Task description: In your copy of the listing below, reproduce each word exactly and include no pictures.

Dataset content:
[Start of section]

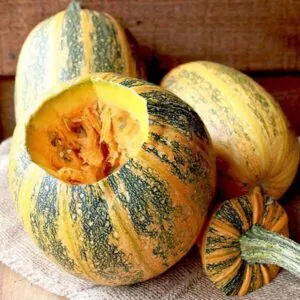 фото сорта тыквы украинская многоплодная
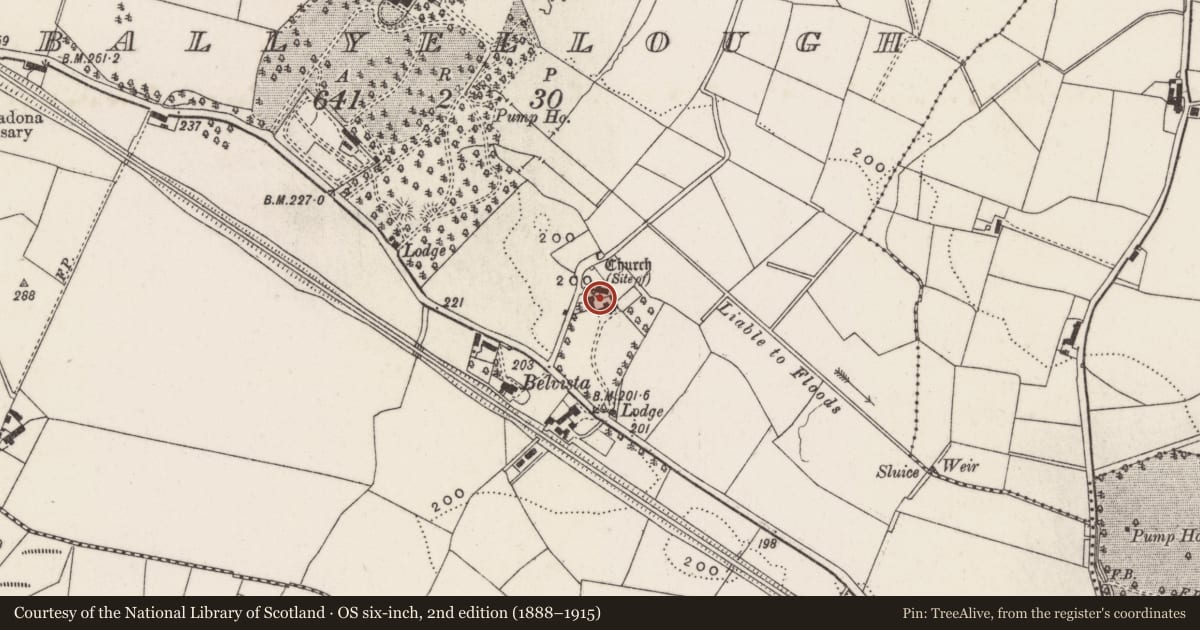Ordnance Survey six-inch map, 2nd edition (1888–1915) covering the location of Brookhall Historical Farm, Ballyellough, Lisburn and Castlereagh, with a pin at the register's coordinates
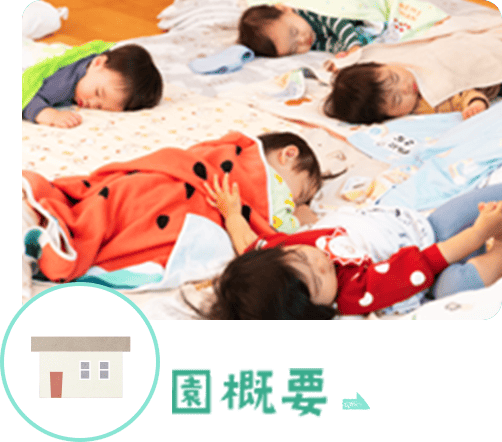 園概要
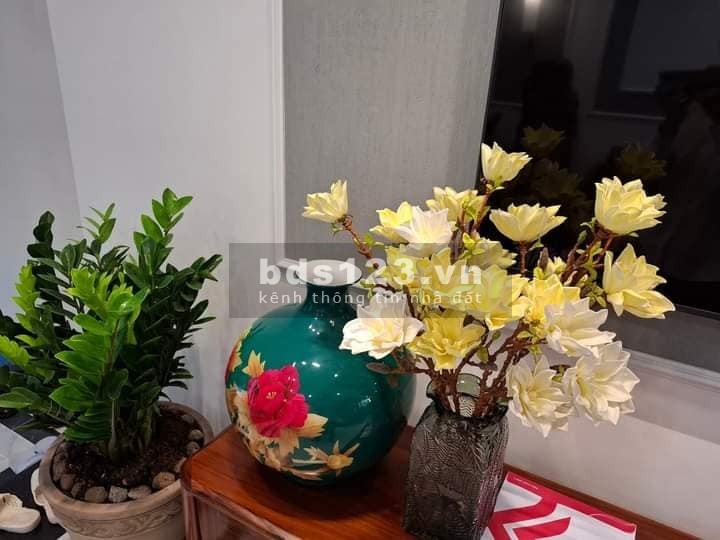 Nhà đẹp Kim Ngưu, Hai Bà Trưng 70m, 5 tầng, mt 4.3m, giá 16.9 tỷ.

[End of section]

Answer box:
 фото сорта тыквы украинская многоплодная
Ordnance Survey six-inch map, 2nd edition (1888–1915) covering the location of Brookhall Historical Farm, Ballyellough, Lisburn and Castlereagh, with a pin at the register's coordinates
 園概要
 Nhà đẹp Kim Ngưu, Hai Bà Trưng 70m, 5 tầng, mt 4.3m, giá 16.9 tỷ.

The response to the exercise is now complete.